“请我相助?你凭什么请我相助?”然而,畠山高政倒是被激怒了一般,用低沉的语气呵斥道:“雨秋平,你是我的家臣,有这么和主上说话的吗?”
雨秋平闻言浑身一震,怒火已经烧上心头。这个畠山高政真的这么目中无人吗?雨秋平叹了口气,估计一味地委曲求全也没有任何意义了,所以不软不硬地给了他一个钉子道:“启禀殿下,在下乃是织田弹正的家臣。”
“你是河内守护代,怎么就是织田弹正的家臣了?你是我的家臣!”畠山高政闻言似乎更是恼怒,直接从榻榻米上站了起来,凝视着雨秋平的双眸呵斥道。

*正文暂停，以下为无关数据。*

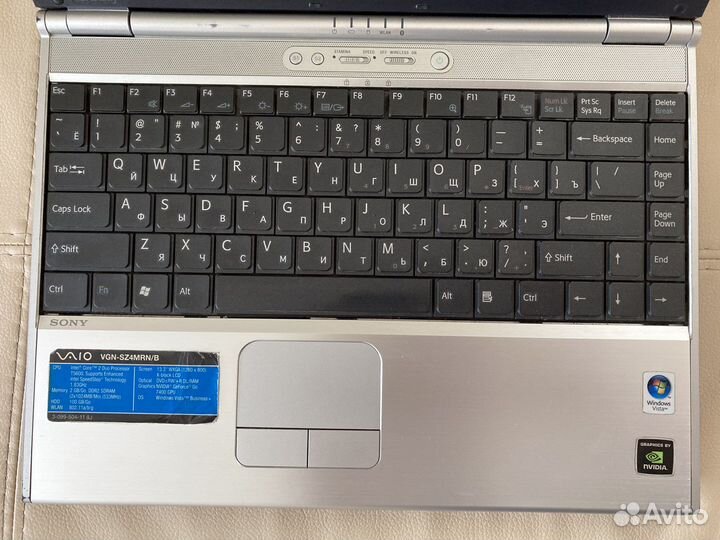 Ноутбук sony vaio VGN-SZ4MRN/B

“殿下,请自重。”雨秋平已经彻底火了,他根本没有办法和畠山高政交流。他别说识时务了,他连时务是什么都不知道,就想着幕府的旧例,根本不肯承认眼下的现实。如果他一口咬定雨秋平就是他的家臣,需要一切听他的指挥,那可能真的没有什么谈的必要了。
“自重?自重?哼哈哈哈哈…”畠山高政闻言怒极反笑,用手对着雨秋平指指点点道:“雨秋平啊雨秋平,我之前听过你对治乱循环的点评,还觉得你这个人有点见识,没想到和三好长庆他们是一丘之貉!”
雨秋平的那句“你又算是什么东西”差点脱口而出,好悬被他忍住了,而是换了另一句带着浓浓挑衅意味的:“请赐教。”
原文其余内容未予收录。